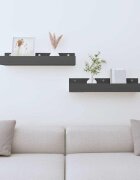 vidaXL Стенни рафтове 2 бр сиви 50x12x9 см масивно борово дърво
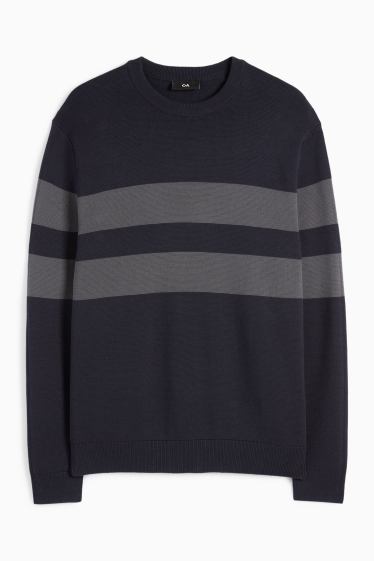 Uomo - Maglione - a righe - tramato - blu scuro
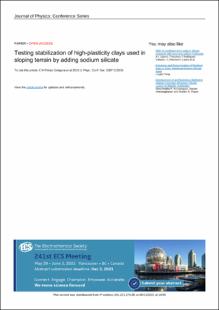 Portada Testing stabilization of high-plasticity clays used in sloping terrain by adding sodium silicate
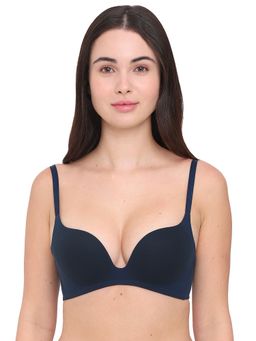 Wacoal - Womens Dreamy Curve Padded Non-wired 3/4th Cup Wear Push-up Bra - Navy Blue
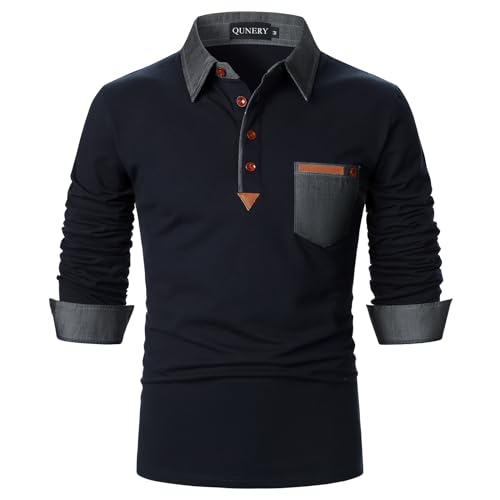 QUNERY Poloshirt Herren Langarm Getäfelt T Shirts Golf Tennis Hemden Casual Tops Navy blau XL von QUNERY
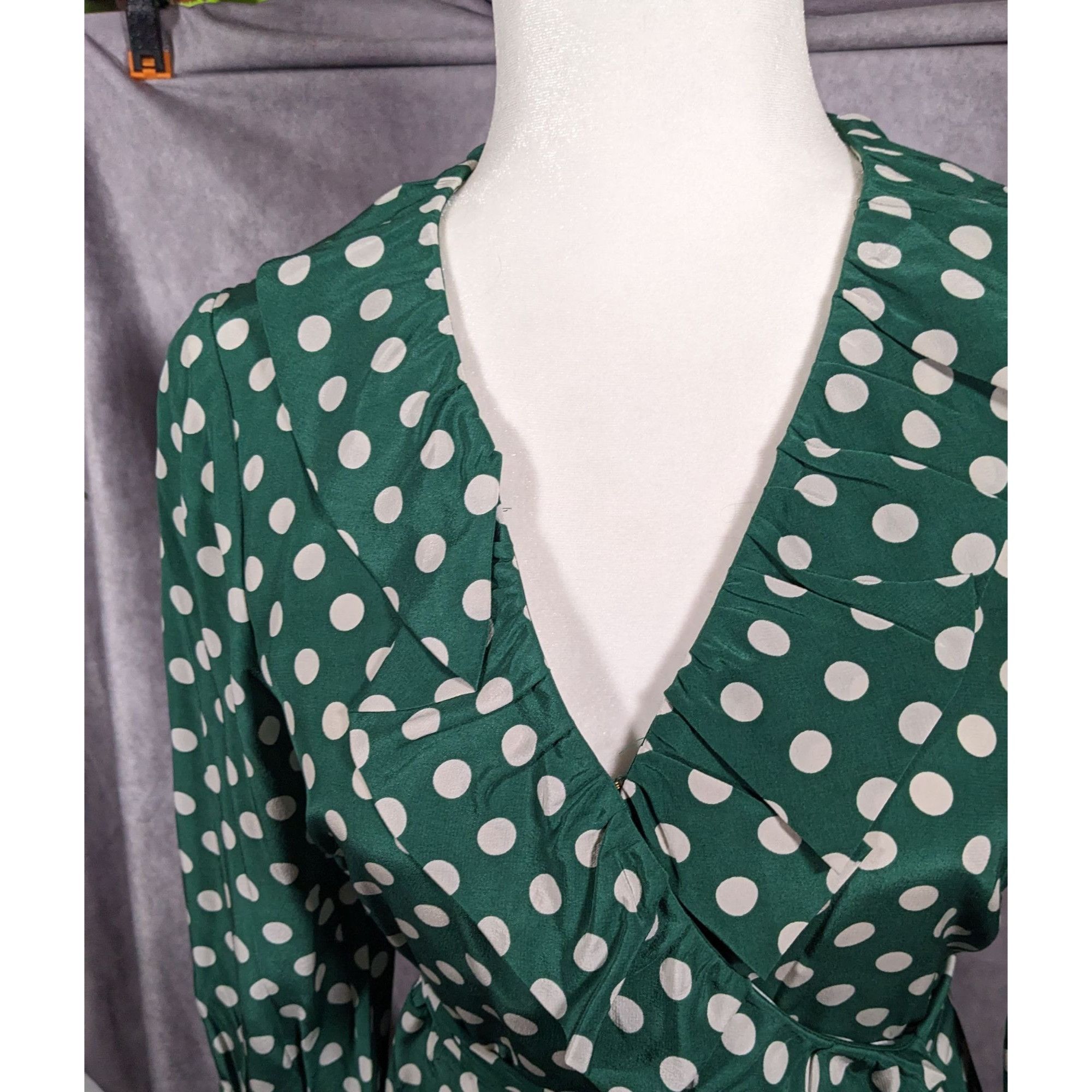 Kate Spade Kate Spade Daniella Silk Green And White Polka Dot Wrap Dre Size M / US 6-8 / IT 42-44 - 7 Thumbnail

**WORK REQUIRED**
Extract word for word every line from the line that contains "Wacoal - Womens" to the final line of the data, both included, and nothing else; skip the pictures.

**SOLUTION TO THE PROBLEM**
 Wacoal - Womens Dreamy Curve Padded Non-wired 3/4th Cup Wear Push-up Bra - Navy Blue
 QUNERY Poloshirt Herren Langarm Getäfelt T Shirts Golf Tennis Hemden Casual Tops Navy blau XL von QUNERY
 Kate Spade Kate Spade Daniella Silk Green And White Polka Dot Wrap Dre Size M / US 6-8 / IT 42-44 - 7 Thumbnail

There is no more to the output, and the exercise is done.